Daily Business Report — June 23, 2014
UC San Diego Leads Statewide
Initiative to Map the Brain
The California budget signed by Gov. Jerry Brown creates a statewide research grants program called Cal-BRAIN, an initiative led by UC San Diego. With an initial allocation of $2 million, Cal-BRAIN — short for California Blueprint for Research to Advance Innovations in Neuroscience — is a state complement to the federal BRAIN Initiative announced by President Barack Obama in April 2013. It aims to “accelerate the development of brain mapping techniques, including the development of new technologies.”
According to a report put out by the university, UC San Diego played a significant role in the national initiative and will now lead the state effort to revolutionize our understanding of the brain and the diagnosis and treatment of brain disorders of all kinds. “By improving our ability to see what goes on in the brain in much greater detail and at a much faster timescale, we aim to make discoveries around autism, Alzheimer’s, PTSD and other behavioral health issues and injuries that affect everyone from our children to our homeless veterans,” the report said.

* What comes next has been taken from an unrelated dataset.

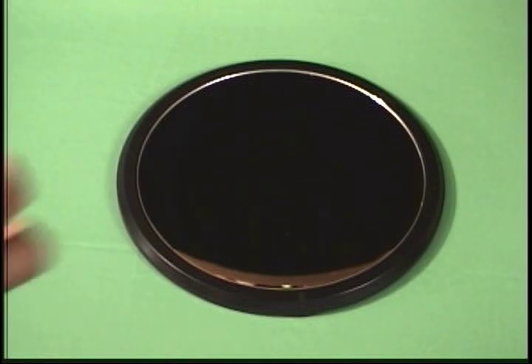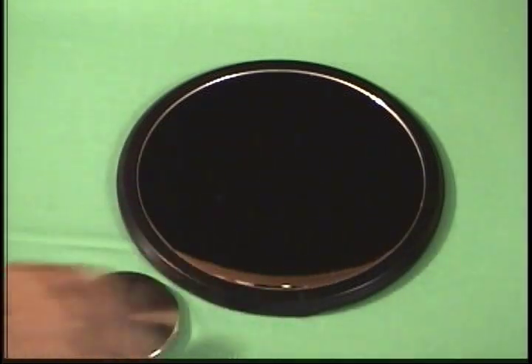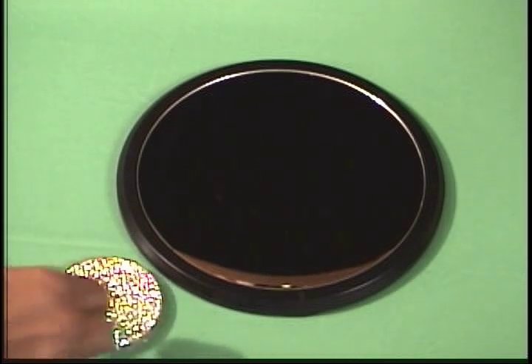Secondly, Joe came up with a disc specifically designed for this experiment. It's a heavy, stainless steel, chrome-type disc, sort of like the disc you would use in a shuffleboard game. For entertainment value, he put some hologram-ish type mylar on the top to help create an interesting illusion as the disc spins.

In this leadership role, UC San Diego will guide the collaboration among the UC campuses and is currently discussing a significant financial investment of non-state, university resources in Cal-BRAIN.
Ralph Greenspan, director of UC San Diego’s Center for Brain Activity Mapping, established at the university in May 2013, is coauthor with Paul Alivisatos, director of the Lawrence Berkeley National Laboratory, of a proposal to the University of California Office of the President and to the state Legislature that served as a blueprint for the bill just signed into law.
Said Chancellor Pradeep Khosla,: “We will be developing the next technology cluster in ‘neurotech’ just as we did in high-tech, clean-tech and more, creating high paying jobs and world renowned results. I am confident that, with our strengths in neuroscience and biotechnology in San Diego, we will be producing ground-breaking research with significant social impacts.”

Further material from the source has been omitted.